• _Your instructions_:
Would you please print exactly the lines that run from the one with "Hello guys, welcome" to the last line of the data, both included, without any pictures?

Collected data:
..............................
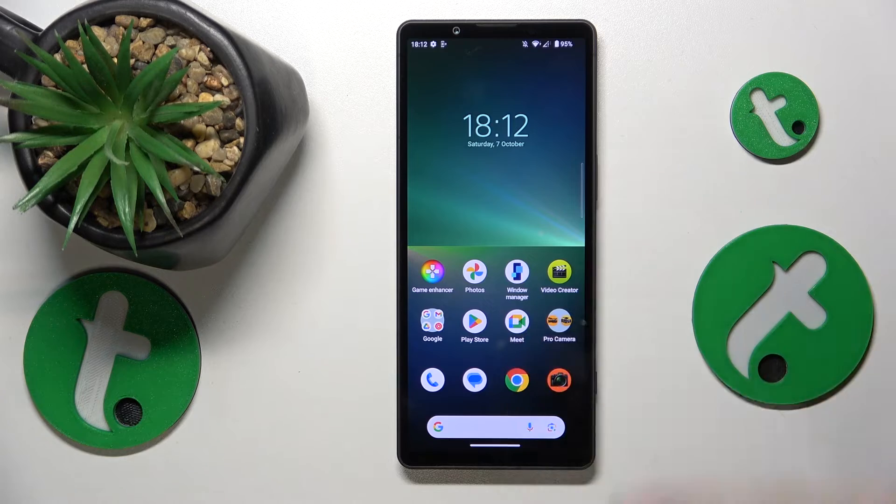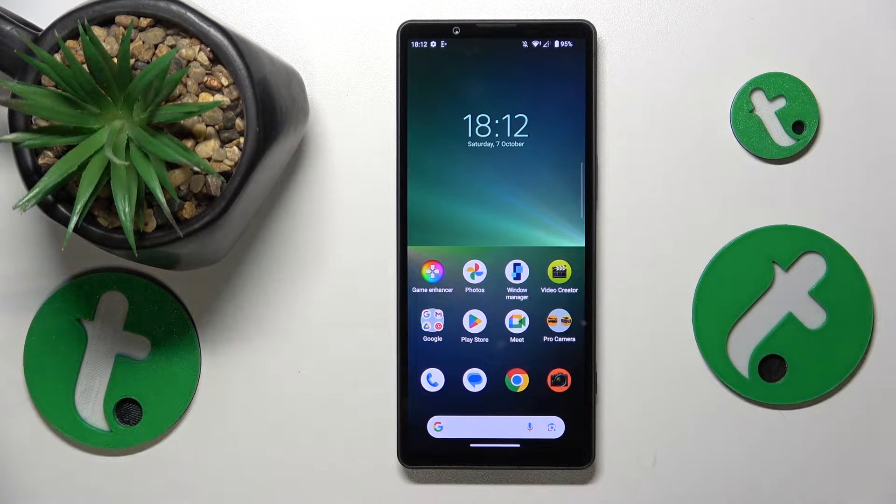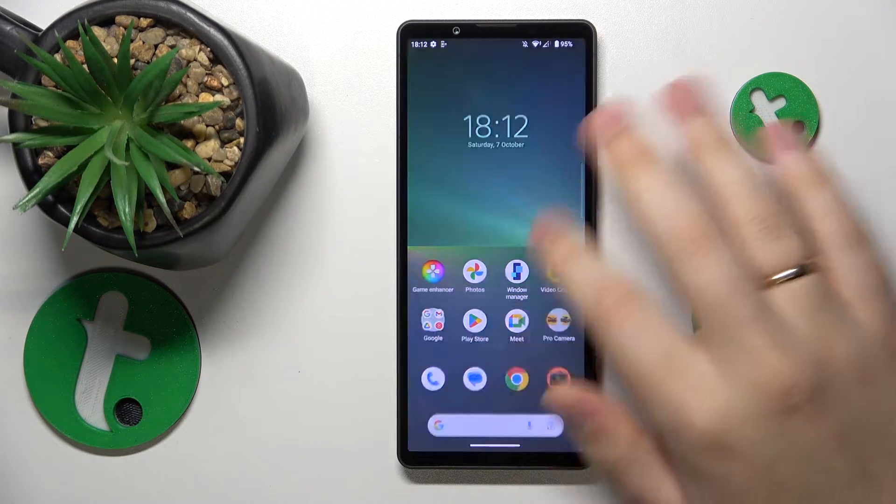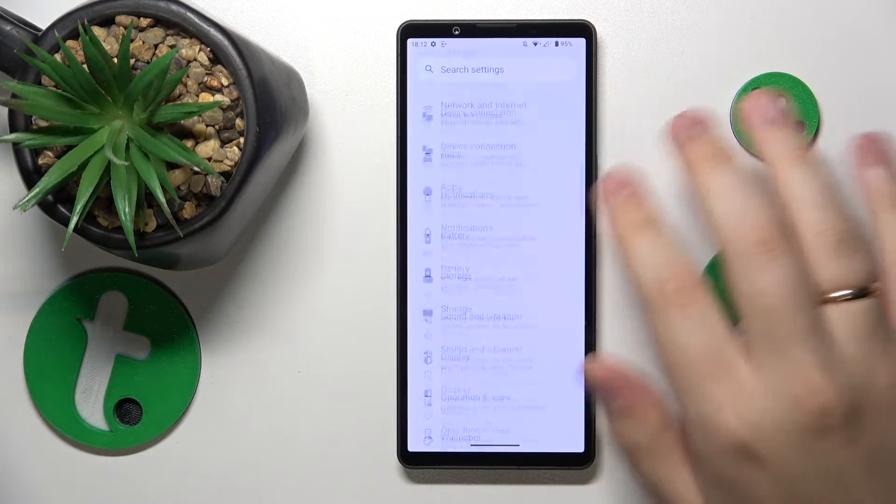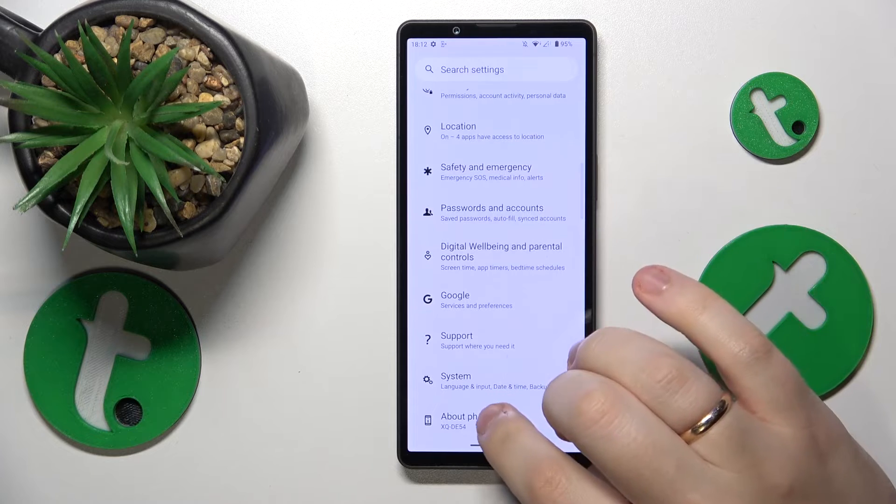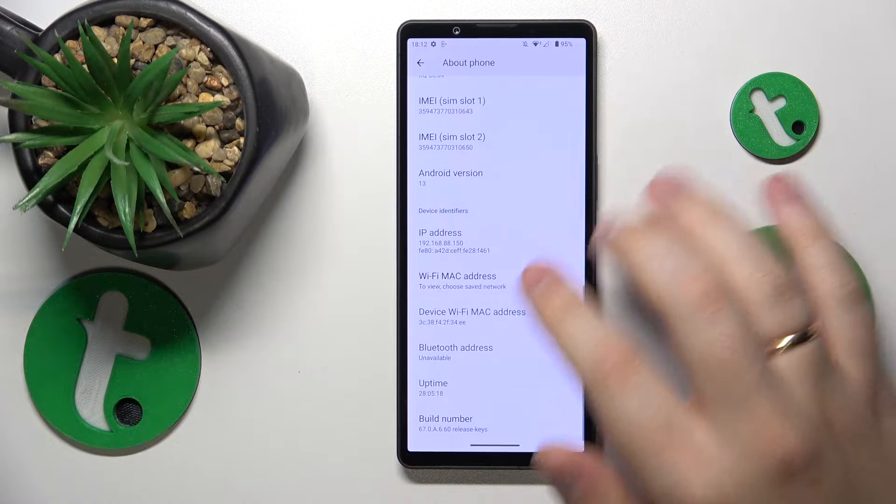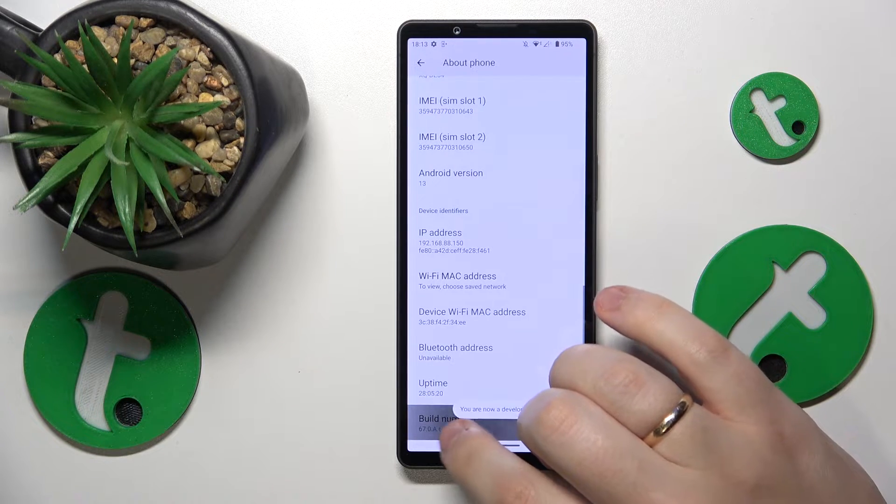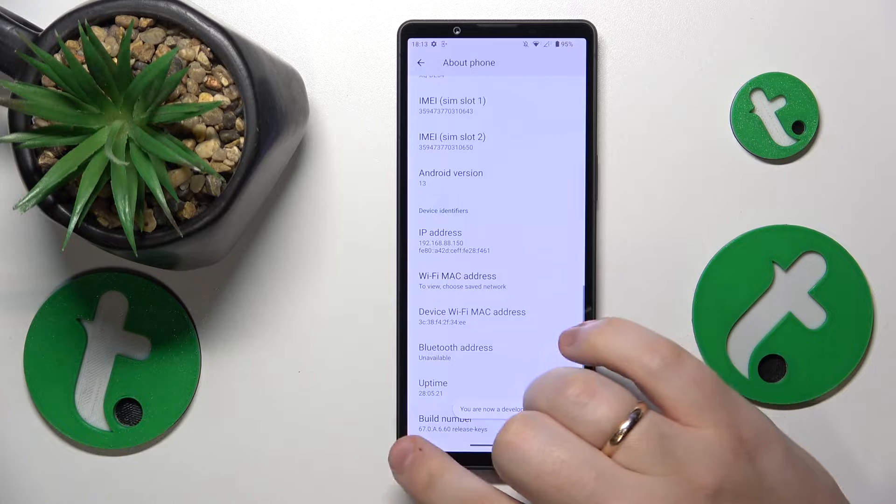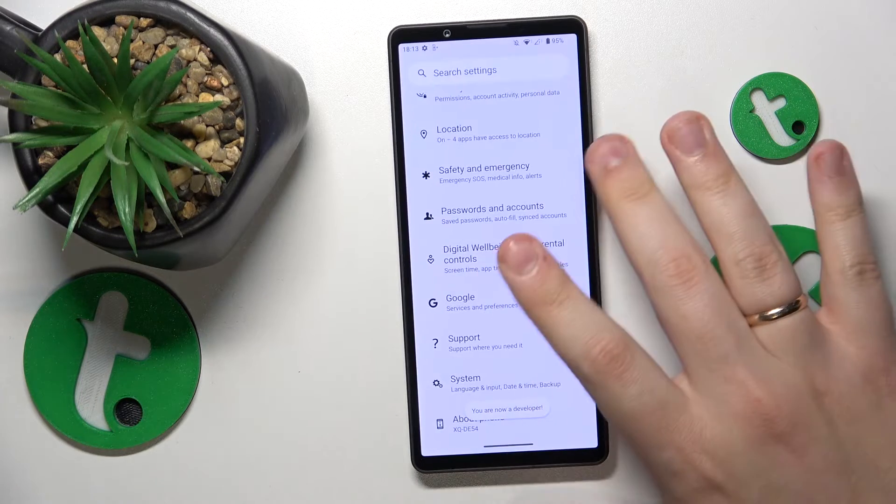To begin, we'll need to activate and reveal the developer options, which you can do by going into settings, about phone, scroll all the way down and continuously tap at the build number option until you see the 'you are now a developer' message.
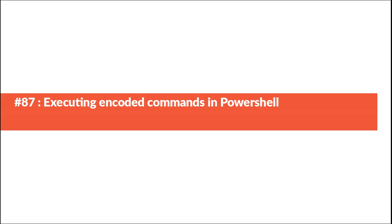Hello everyone and welcome to this session about executing encoded commands in PowerShell.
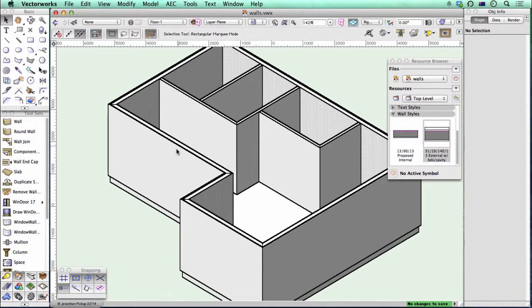In this file I've got some wall styles. I've got an exterior wall style and an interior wall style, and I wanted to show you how quick it can be to use wall styles to texture your building.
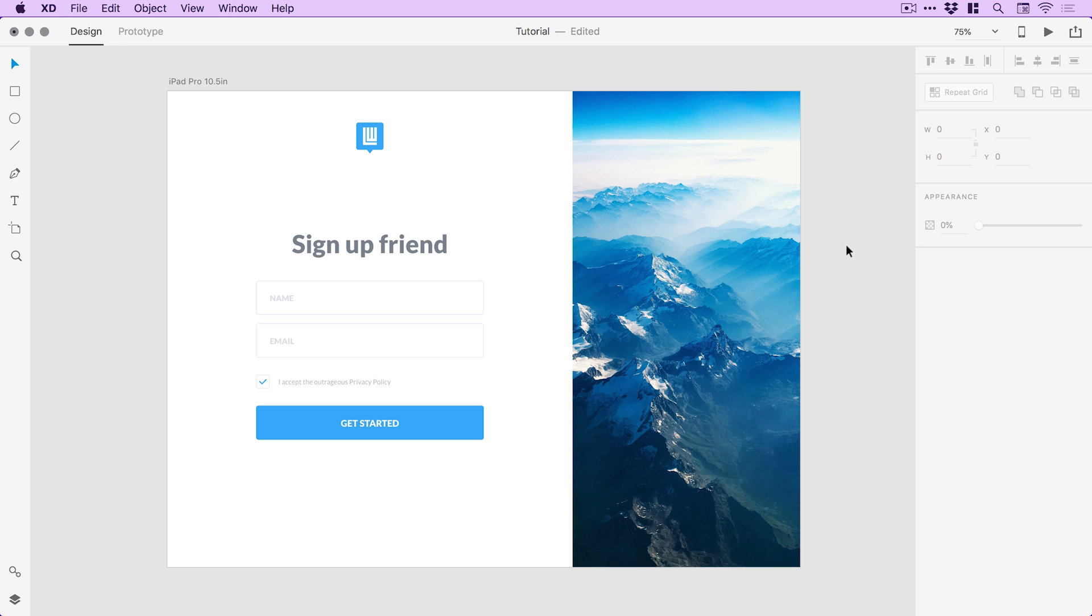Well and there we go that was how to design a sign up screen all in Adobe XD so I really hope you enjoyed this tutorial if you did and you found it helpful please do let me know down below along with any questions or comments but as always like this video if you enjoyed it take care and I'll see you next time.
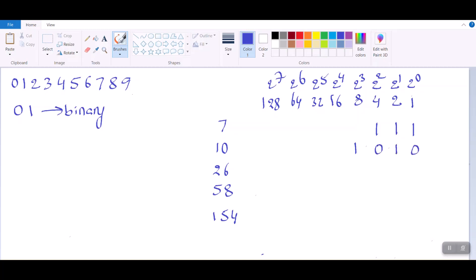26 is 16 plus 8, that's 24, and then plus 2. So the binary positions for 16, 8, and 2 are 1 and the rest are 0. For 58: 32 plus 16 is 48, and then we need 10 more, which is 8 plus 2. So positions 32, 16, 8, and 2 are 1, and the rest are 0.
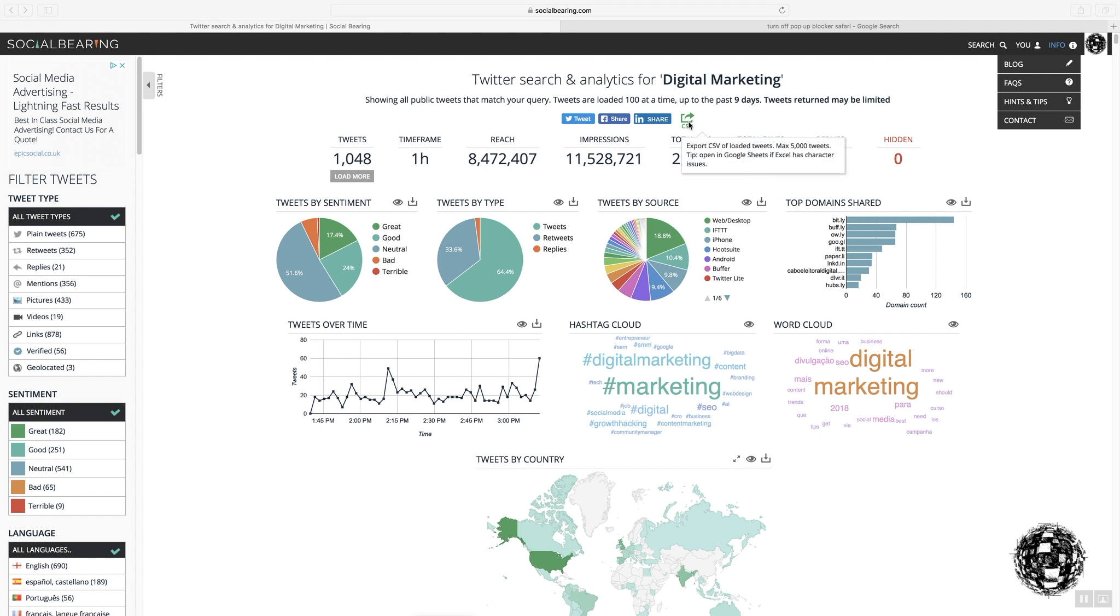So, this is the facility to export your tweets. As it says in the tips, you can only download a maximum of 5,000 tweets.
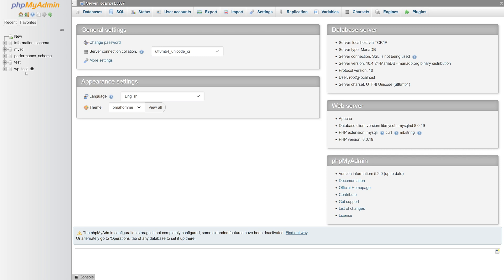How to find the database name for WordPress through the config file. In my case, the database associated with my WordPress is wp_test_db, so let me go ahead and click on it.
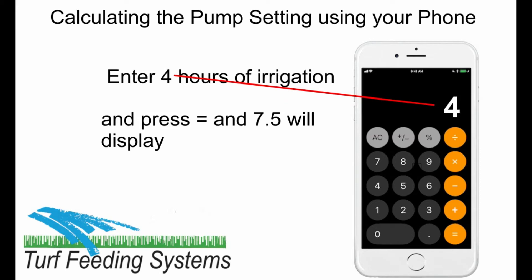Next, enter the total hours of irrigation for the day or week you are calculating. As an example, we will use 4 hours for one day, so enter 4.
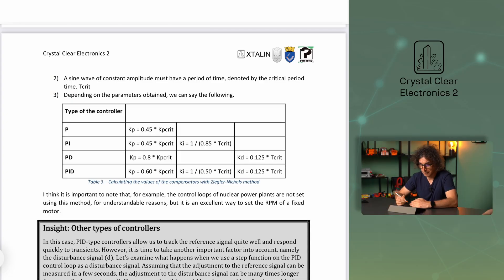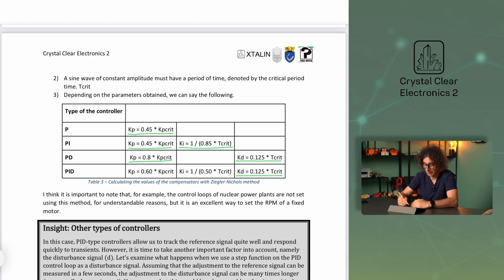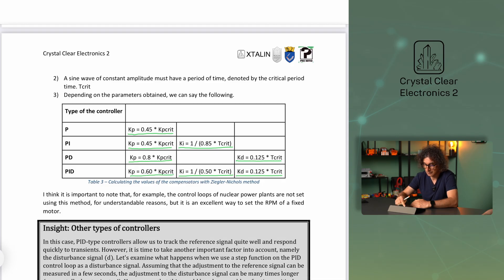For the P controller, KP is taken to be 0.45 times KP crit. For the PI controller, KP is the same and KI is the reciprocal of 0.85 times T crit. For the PD controller, KP is 0.8 times KP crit and KD is one-eighth of T crit. For the PID controller, KD remains unchanged, KI is 1 over 0.5 T crit, and KP is 0.6 times KP crit.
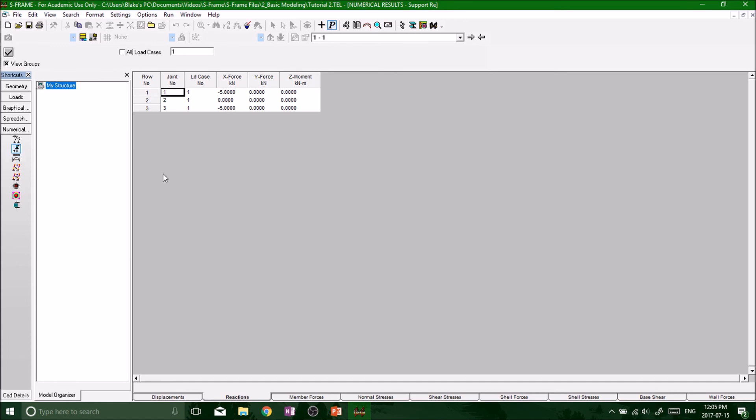In my next video, we're going to look at how we want to print these results out on paper and make it look presentable.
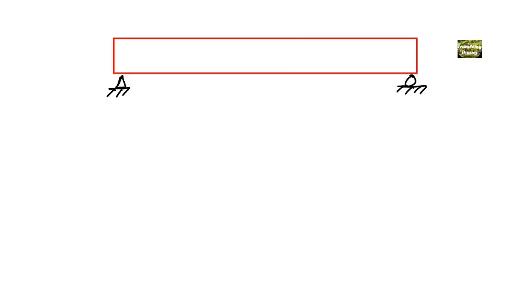Hello guys, welcome back to the Civil Engineering YouTube channel. In today's lecture we are going to define the tensile zone, the compressive zone, and the neutral axis of the beam.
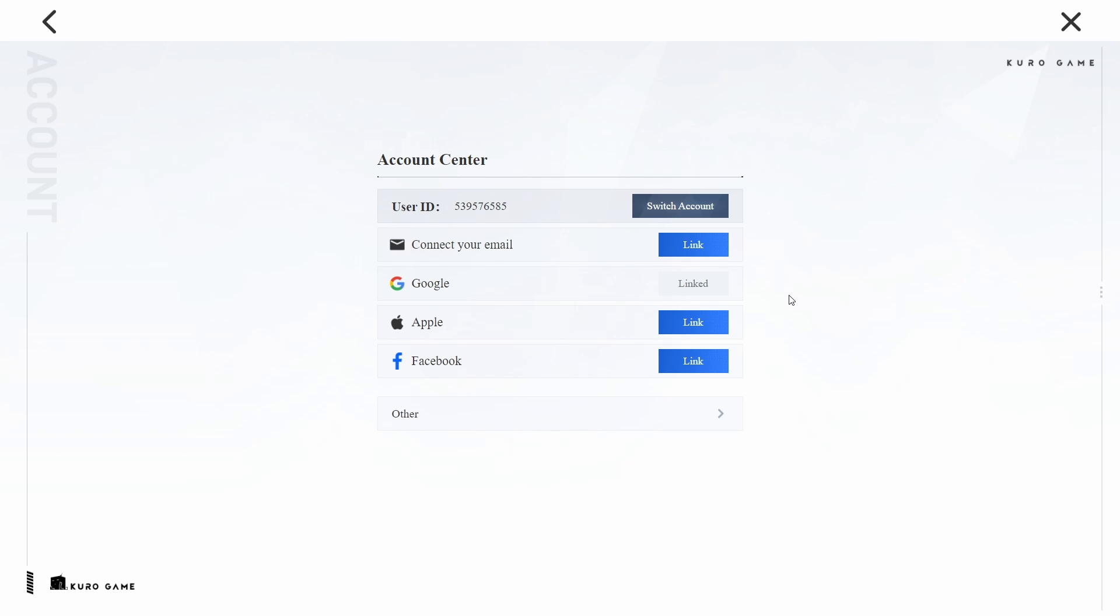On the User Center page, you will see options to link various accounts. Click on the link next to the Google option. A new window will open up in your browser, prompting you to log in to your Google account.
..............................
• _Response box_:
Hello guys, welcome back to the Civil Engineering YouTube channel. In today's lecture we are going to define the tensile zone, the compressive zone, and the neutral axis of the beam.
On the User Center page, you will see options to link various accounts. Click on the link next to the Google option. A new window will open up in your browser, prompting you to log in to your Google account.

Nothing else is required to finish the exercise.